I am trying to read a shortcut file to see what file it points to. If I use FileGet then (after parsing) I get the following:
C:\Documents and Settings\bjf\Desktop\Dyrevelferd, et vitenskapelig perspektiv (Bj?rn Forkman).ppt
If on the other hand I use FileGetByte I get the following:
C:\Documents and Settings\bjf\Desktop\Dyrevelferd, et vitenskapelig perspektiv (Björn Forkman).ppt
which is the correct filename. But FileGet is of course much faster, so I would like to use it (it is not possible to use FileReadToEnd etc., shortcut-files are very strange to work with )
Sorry, here it is. (Although I don't think that is the problem - and possibly parsing is an overly ambitious word )
B4X:
FileOpen(c1,Ftxt,cRandom)
txt=FileGet(c1,0,FileSize(Ftxt))
StartPos=StrIndexOf(txt,"C:\",0)
If startpos>0 Then
txt=SubString(txt,StartPos,StrLength(txt)-startpos)
Else
txt="can't find the c:\"
End If
textbox1.Text=txt
("1000" is just used to be certain that I have read the whole file)
B4X:
FileOpen(c1,Ftxt,cRandom)
Do Until i=1000
i=i+1
x=FileGetByte(c1,i)
textbox2.Text=textbox2.Text&Chr(x)
Loop
It looks like a character encoding problem and is probably by design.
FileGet is reading the string with ASCII encoding which only comprises the character Chr(0) to Chr(127) and so doesn't recognise the "ö" character as being in the ASCII character set and so replaces it with a question mark. FilePut also only writes ASCII encoding so at least the two are symmetrical.
Reading it a byte at a time preserves the "ö" because it reads each byte of the file as a number and adds it to the text as a character so all the characters from 0 to 255 will come through. This would probably fail to return the correct characters if the string was UTF8 encoded and contained any multi-byte characters.
You should be OK reading the string as bytes, the worst case is that the filename you get back wouldn't be valid. It might be worth trying to read the filename as bytes and test each byte for a value of zero. Zero is usually used to indicate a string terminator in native Windows strings. I wouldn't be bothered about speed in reading it a byte at a time. The difference won't matter for your appication.
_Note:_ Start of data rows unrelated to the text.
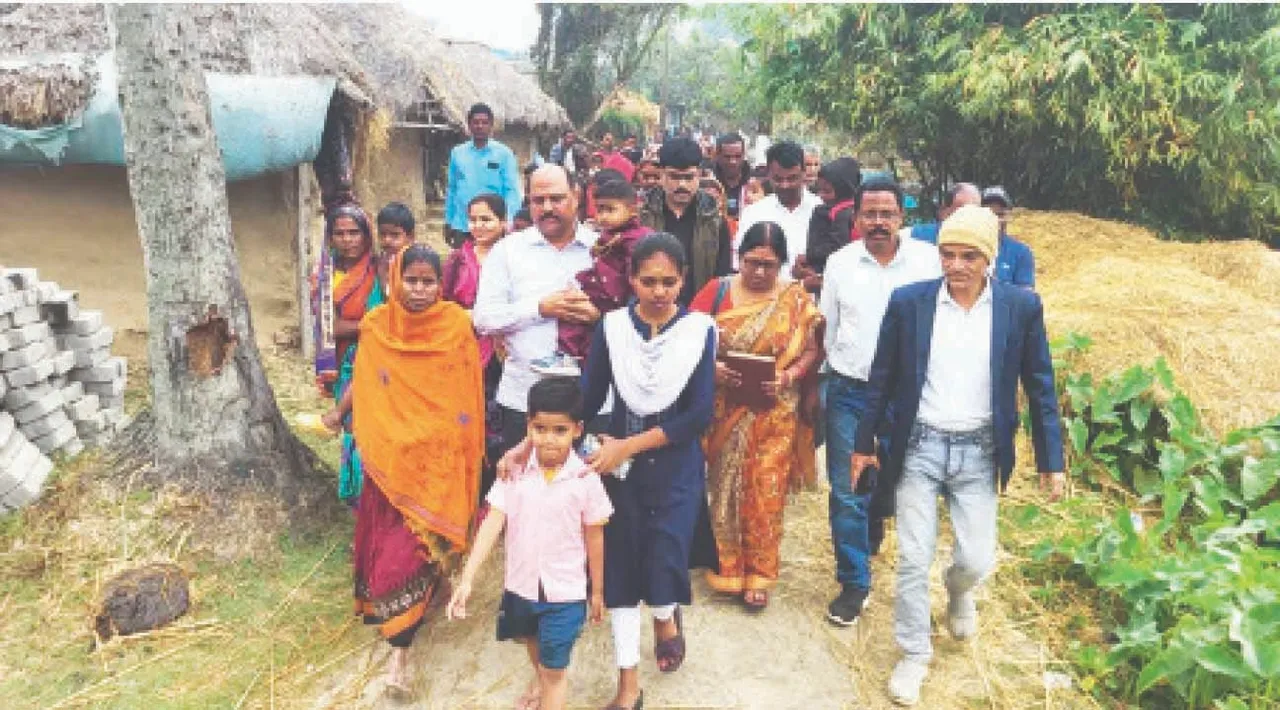  Nuagaon Anganwad: ସ୍ବାଭାବିକ ହେଲା ନୂଆଗାଁ ଅଙ୍ଗନବାଡ଼ି କେନ୍ଦ୍ର, ପିଲାଙ୍କୁ ଘରୁ କାଖେଇ ଅଙ୍ଗନବାଡ଼ି ଆଣିଲେ ବିଧାୟକ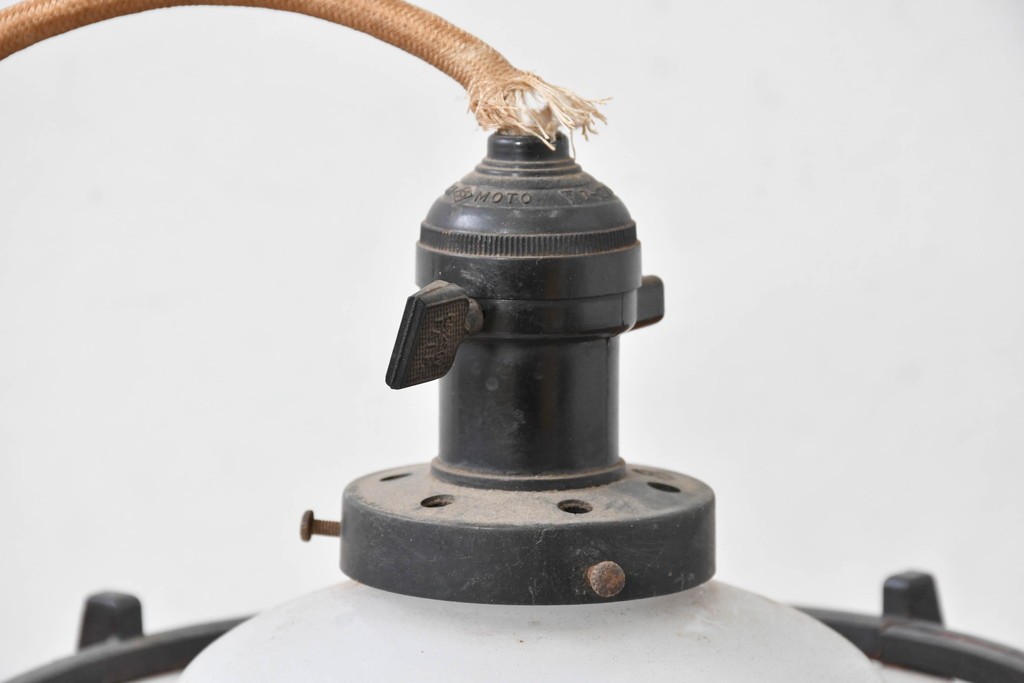 和製アンティーク　昭和初期　木製装飾付き　松に鳥の図柄があしらわれたペンダントライト　(R-086945)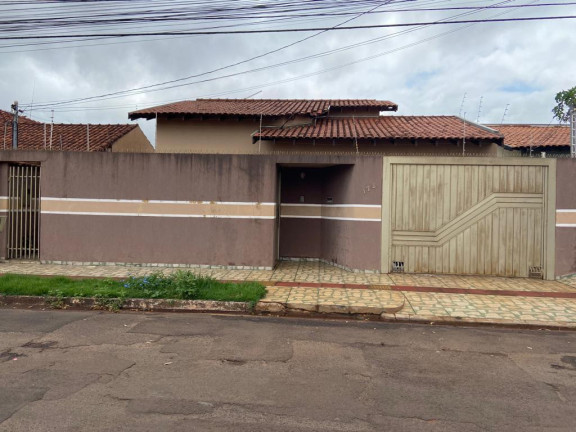 Casa com 3 Quartos à Venda, 146 m² em Vila Santo Amaro - Campo Grande
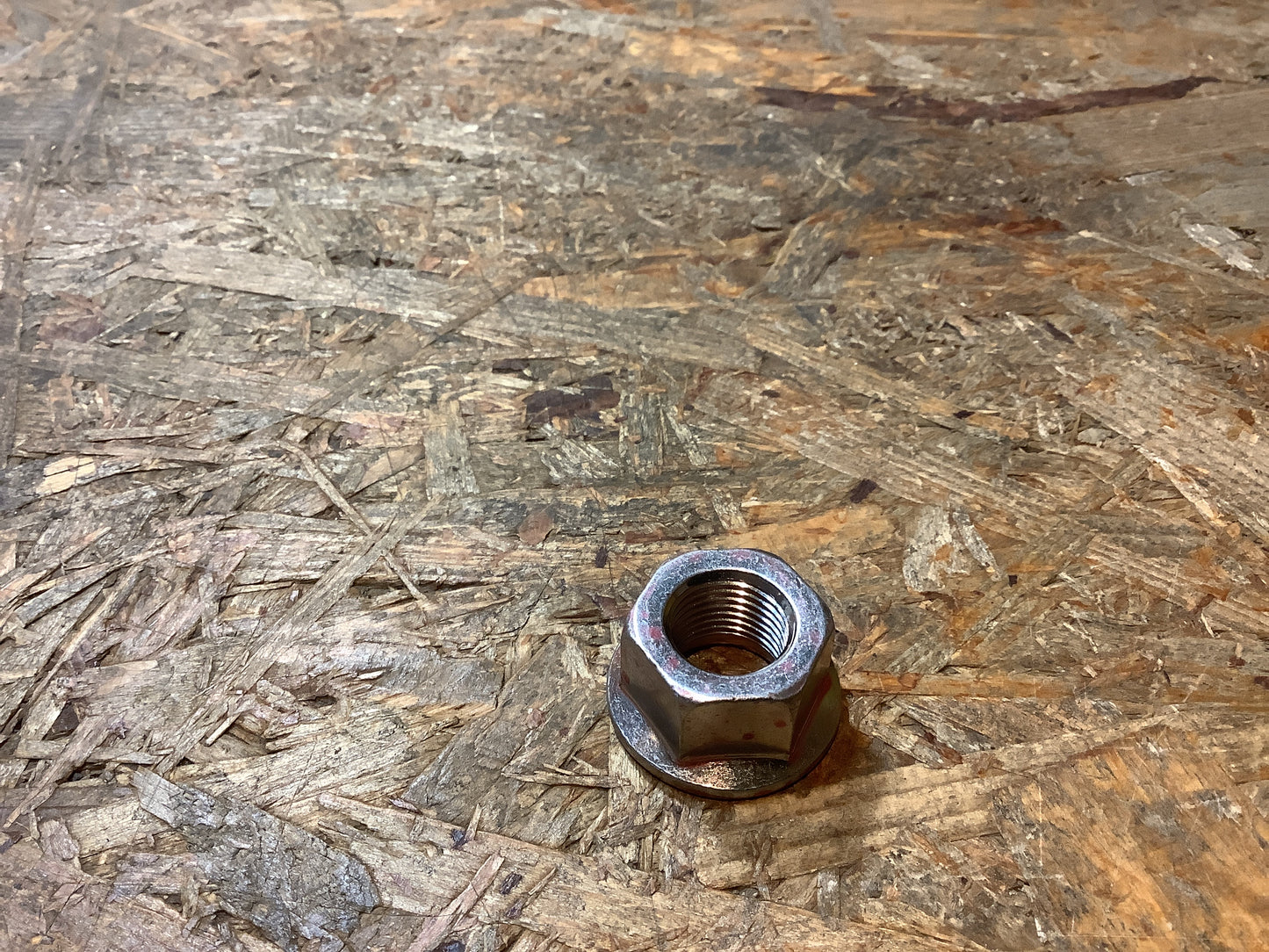 Mitsubishi Pajero, V98W, Bj. 08-09 - Mitsubishi Montero, V98W, Bj. 08-09 Mutter, Querträger, hintere Aufhängung Original Mitsubishi NEU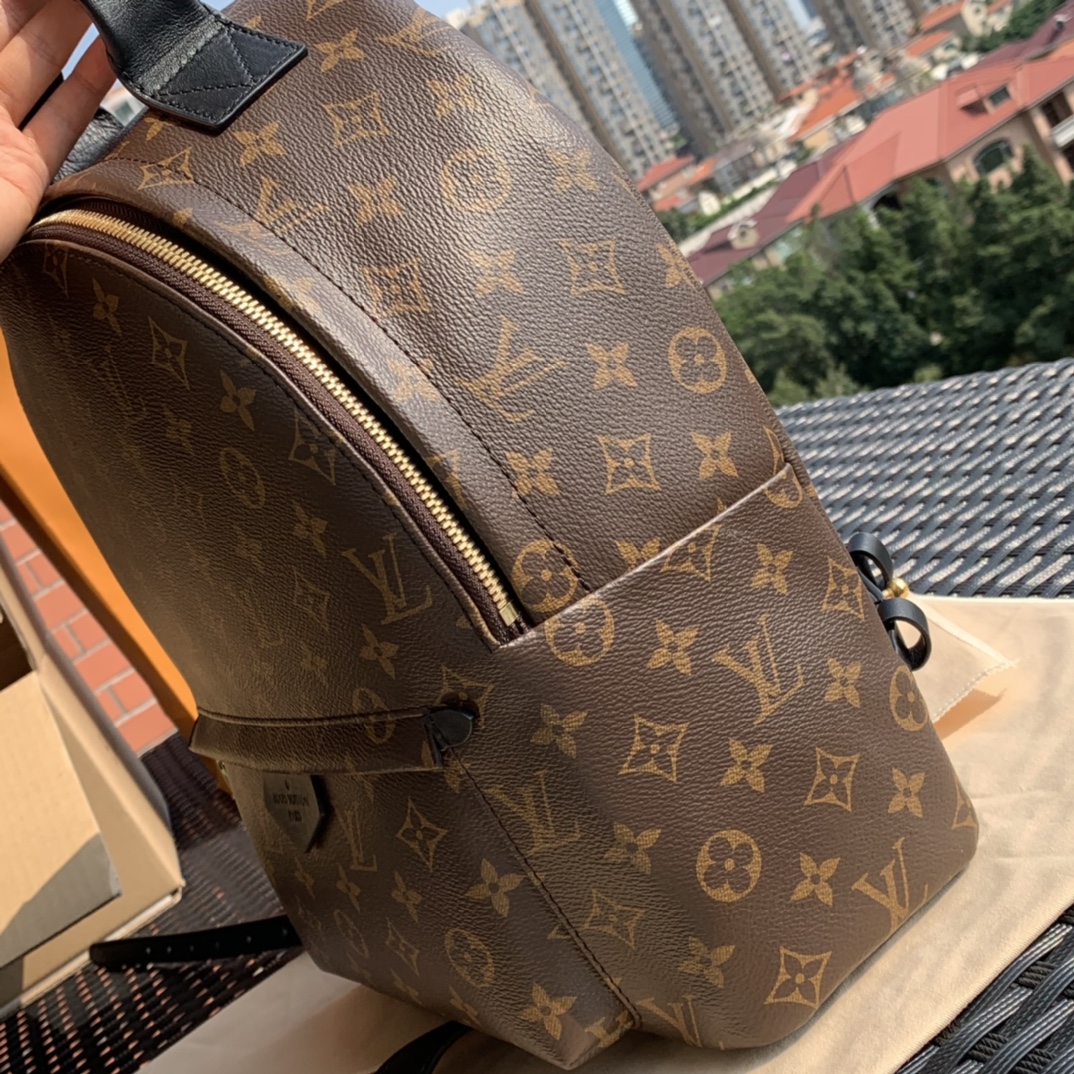 🌼 m44874尺寸30-33-16cm 如果想要一款容量不错的双肩包推荐这款中号尺寸的，男女可用。它虽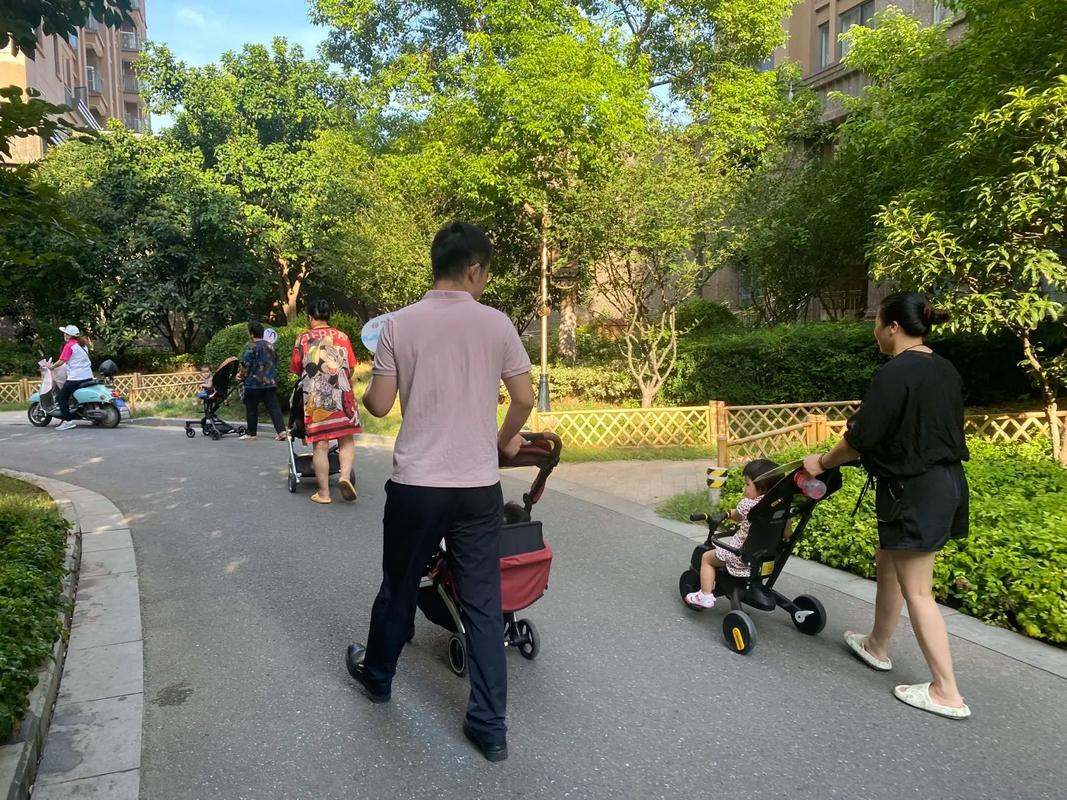 小区傍晚新手爸妈遛娃聊天场景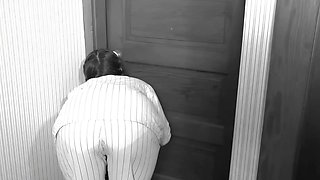 Urine fetish babe masturbates in her pee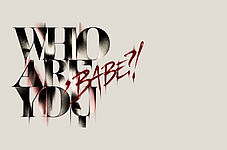 Schriftzug mit den Worten 'WHO ARE YOU' in Großbuchstaben und darüber in roter Handschrift 'BABE?!'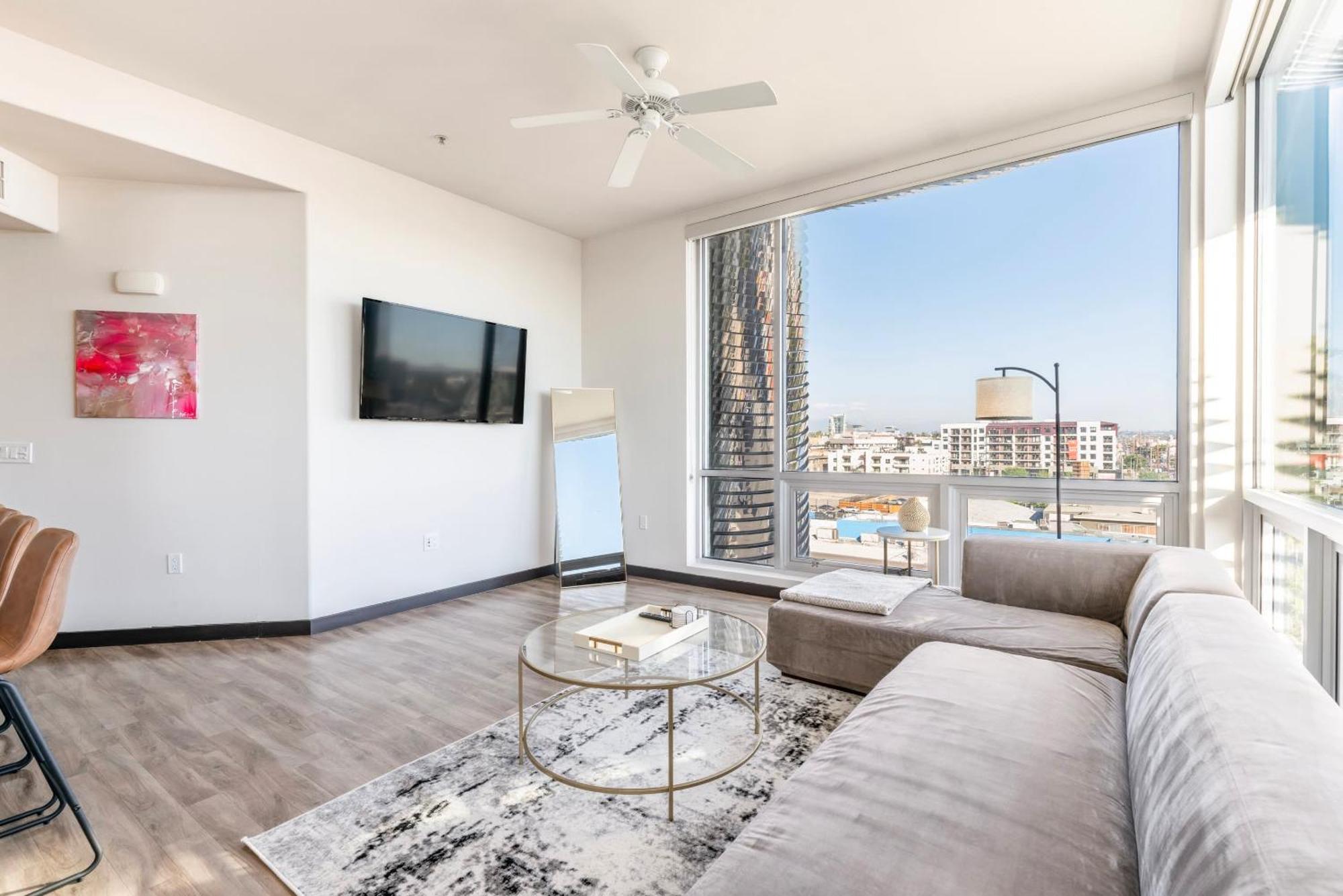 Appartement Penthouse 2br With Jetliner Views In West Hollywood *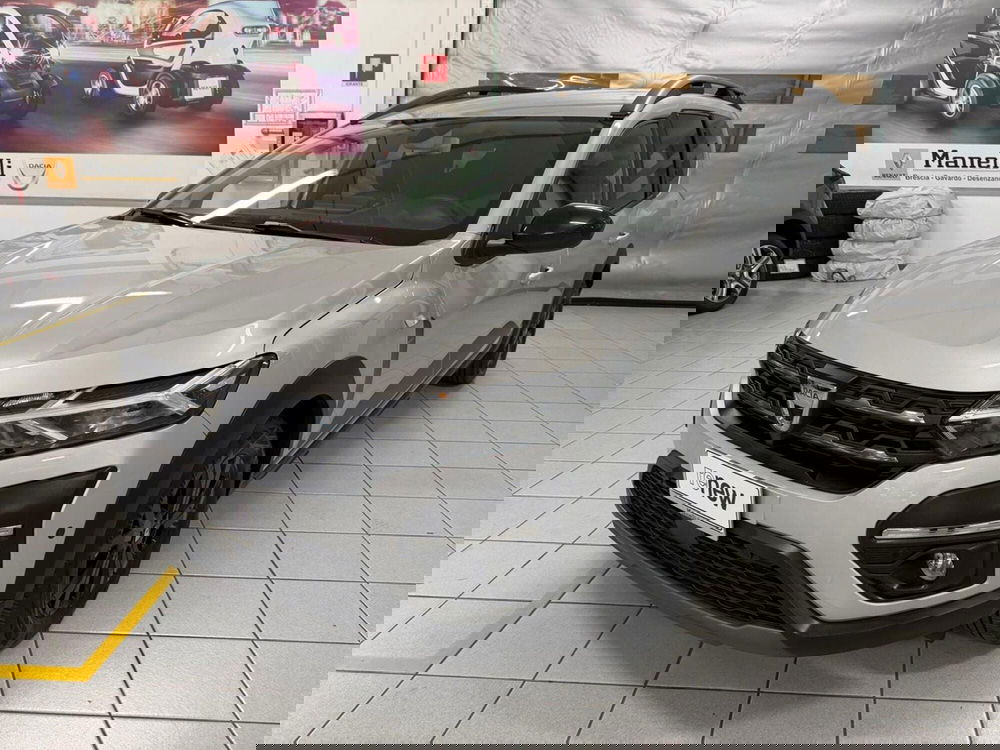 Dacia Jogger usata a Brescia (9)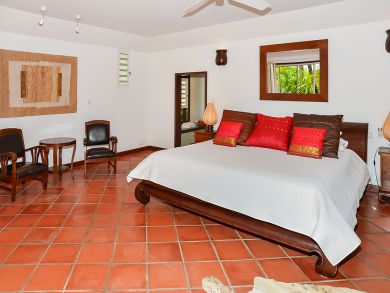 St. Barts Home 897942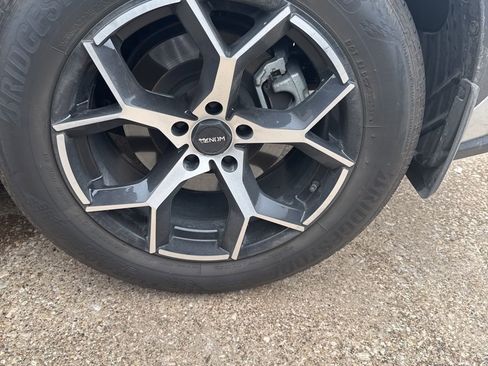 Used 2024 Toyota bZ4X XLE image 15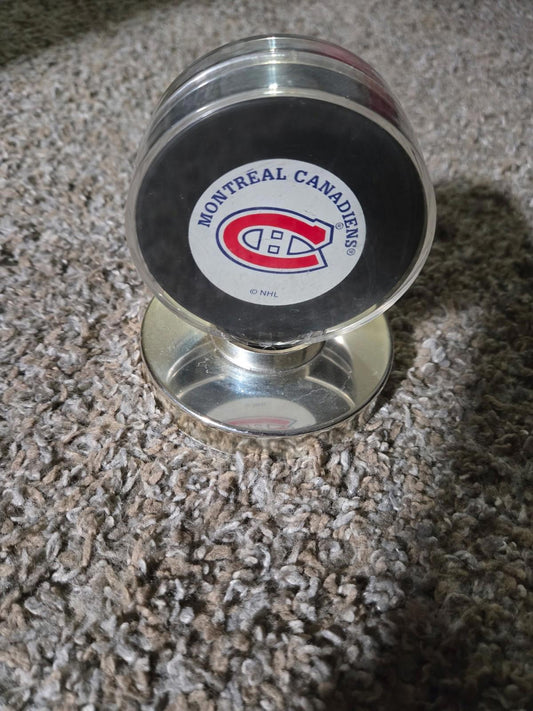 Montreal Candiens Vintage Logo NHL Hockey Puck Trench Mfg Display Case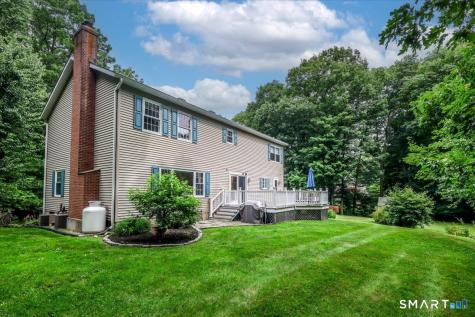 32 Country Way Bethel CT 06801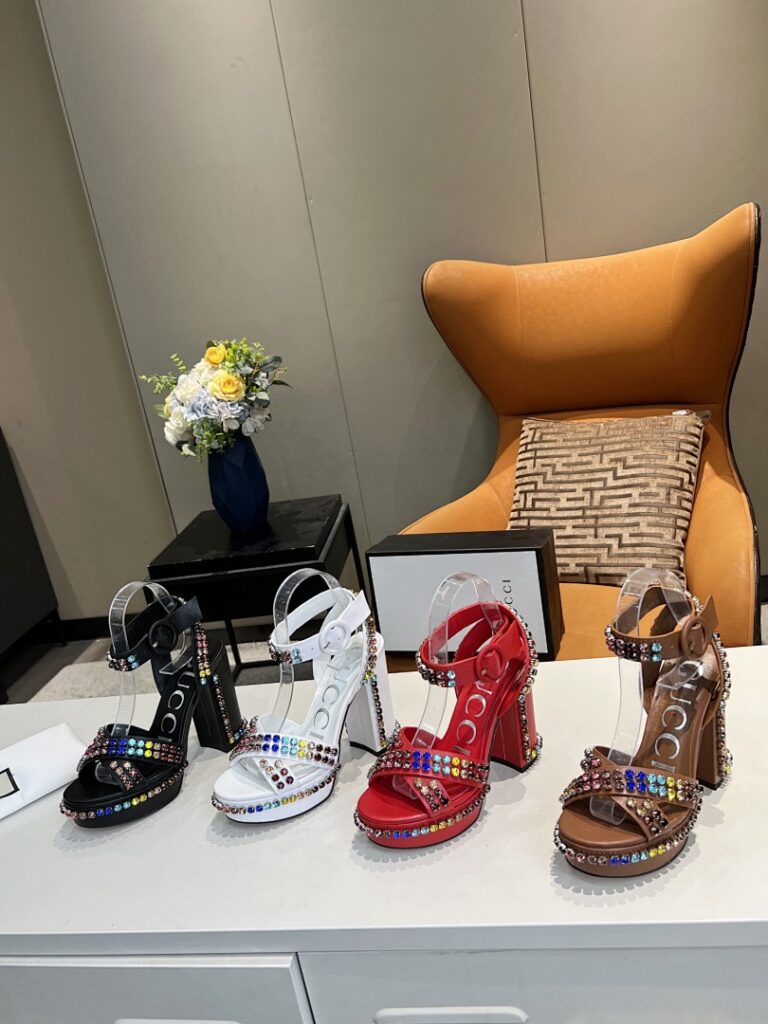 Gucci Shoe Style 3001141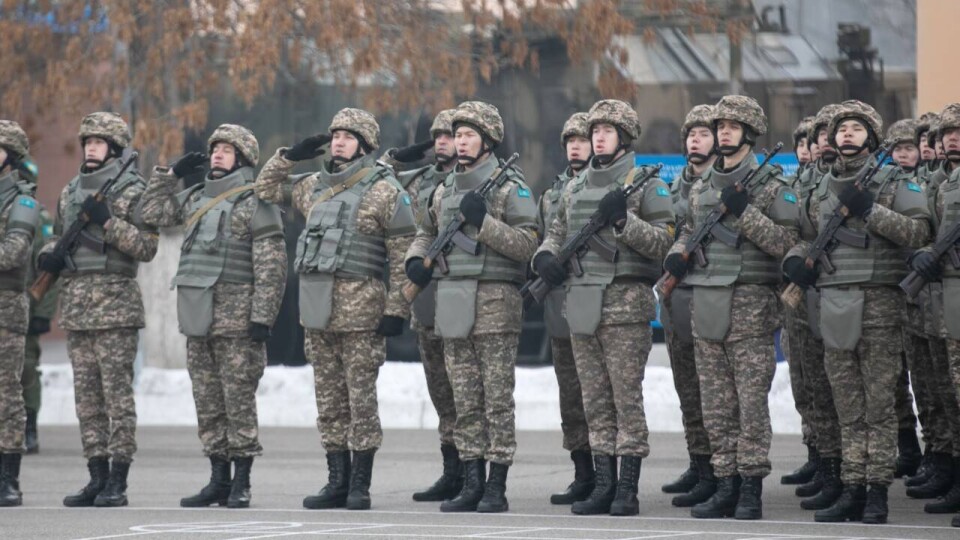 В Казахстане 37 тысяч человек призовут в армию в следующем году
I do get valid filenames when reading them with filegetbyte, so no problem there. It does take longer - unfortunately the short cut files contain a lot of other information, and there are also a number of them (around 250 in my Recent Files folder), but it isn't critical in any way.
The idea of looking for a zero byte is good, I'll use that for the end of the filename (the file is always finished with four zero bytes in a row so that should give me the end of the file instead of the "1000" I used in the example).